Results tagged “Henry Luce” from ARTicles
There is a moment in "Annie Hall" when Diane Keaton, playing a native of Chippewa Falls, Wisconsin, utters the name of her home state. "Wis-con-sin," she says crisply, instantly betraying the fact that she is neither from there nor under the guidance of a dialect coach. As any upper Midwesterner knows, the locals -- and those of us, like me, who grew up there but long ago moved away -- pronounce the proper name of America's Dairyland with a casual verbal slouch in the middle: Wi-scon-sin. When Diane Keaton gets it wrong, the movie falls apart for me, every time. A sweet Southerner I used to know felt the same way about the accents in the film version of "To Kill a Mockingbird." He couldn't bear to listen.

What prompts this is not, in fact, Doug's post questioning New York's cultural dominance but a gracious letter of reprimand in the current issue of The New Yorker. Marsha Rabe (quick! guess which famous playwright is her brother) takes the magazine to task for failing to ascertain the proper name for denizens of her hometown, Dubuque, Iowa. In Jill Lepore's recent piece on Harold Ross and Henry Luce, the term used is "Dubuquian" -- not "Dubuquer," as it should be, Rabe points out. "Getting it wrong is a small matter," she writes, "but it seems in a subtle way to bear out the provincialism-of-the-big-city syndrome."

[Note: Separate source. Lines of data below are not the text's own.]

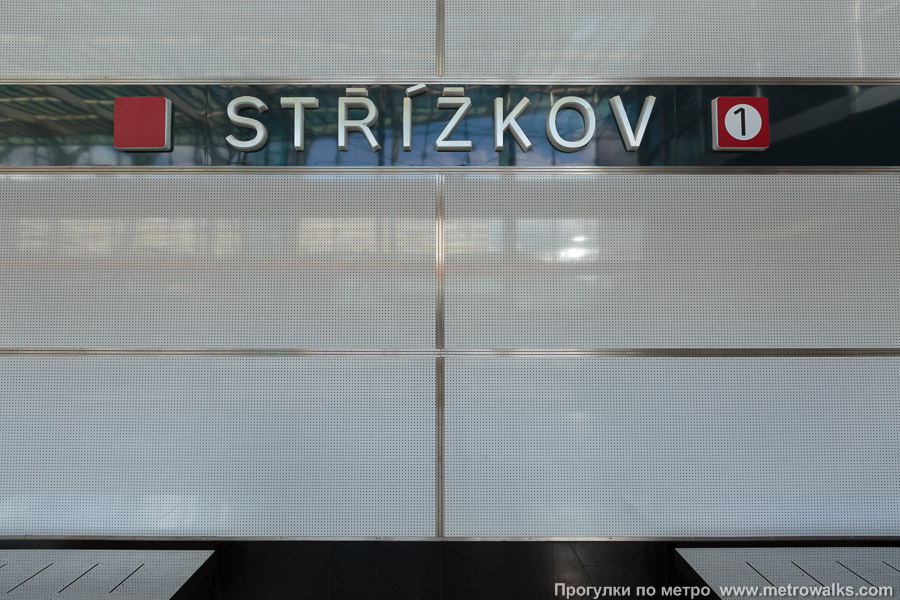 Станция Střížkov [Стрши́жков] (линия C, Прага). Название станции на станционной стене крупным планом.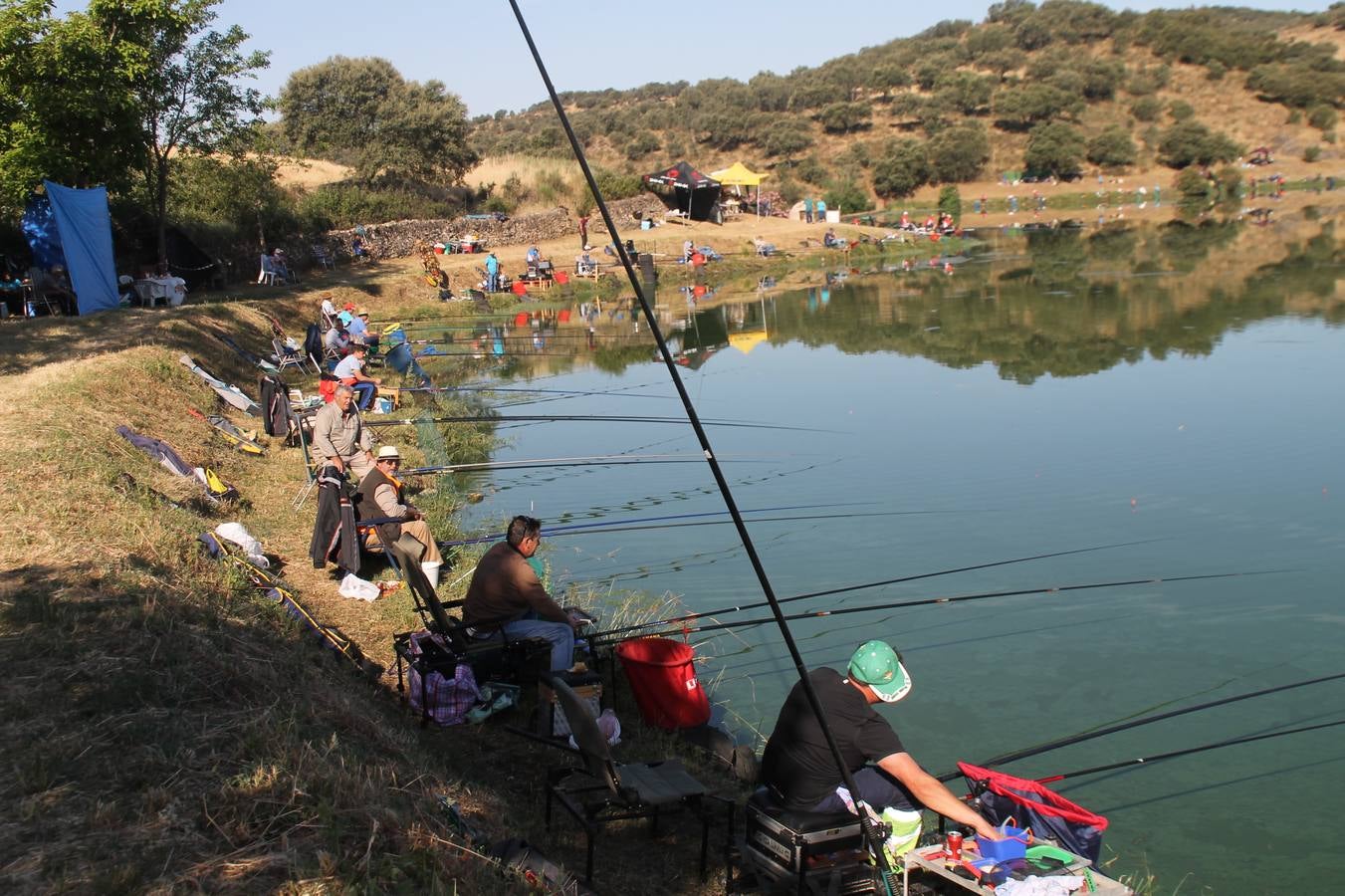 Buen ambiente pero pocas tencas en el 301 aniversario del Concurso tradicional de Pesca 'Charca de la Albuera' que se ha celebrado este domingo 2 de junio en el enclave natural del que toma su nombre. esta cita organizada por la Sociedad de Pesca Balboa. Francisco Pérez Caballo con una captura de 11.380 gramos ha sido el ganador de esta edición. 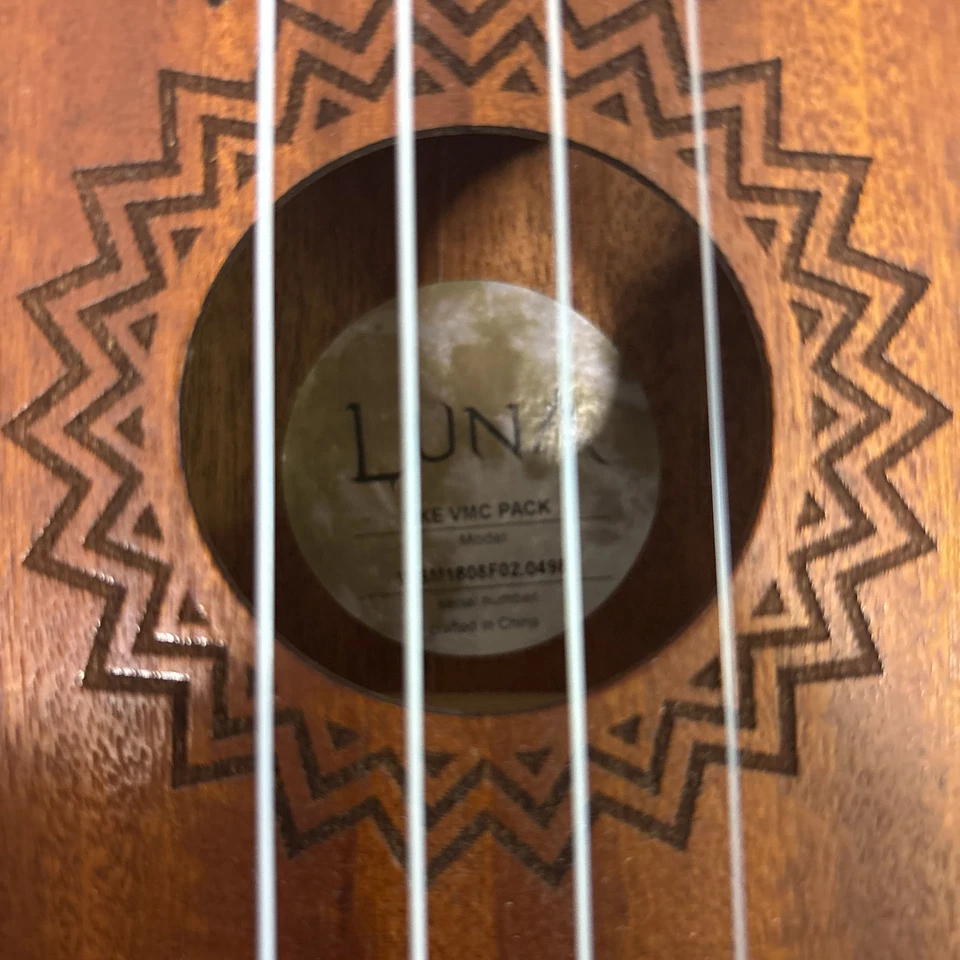 Luna Vintage Mahogany Concert Ukulele Pack - Image 2 of 3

Her excellent letter brought to mind a similarly jarring error in Curtis Sittenfeld's 2008 novel, "American Wife." Set largely in Wisconsin, it feels extraordinarily true to the place -- which is why it was such a shock, when I was reading the book to review it, to come across the word "Wisconsonians" where "Wisconsinites" ought to have been. My marginalia grew emphatic in response: "ARE YOU KIDDING?" Though I was reading the galley, the mistake made it all the way into the hardcover.
This is a big country, I know. But is it really too much trouble to learn the names of the people in the middle?
Is the 92nd Street Y some sort of notorious pick-up joint, and everyone forgot to mention it to me and I neglected to notice?
I went there last night to hear Alan Brinkley talk to Frank Rich about his Henry Luce book. Not exactly a meat-market milieu, or so one might think.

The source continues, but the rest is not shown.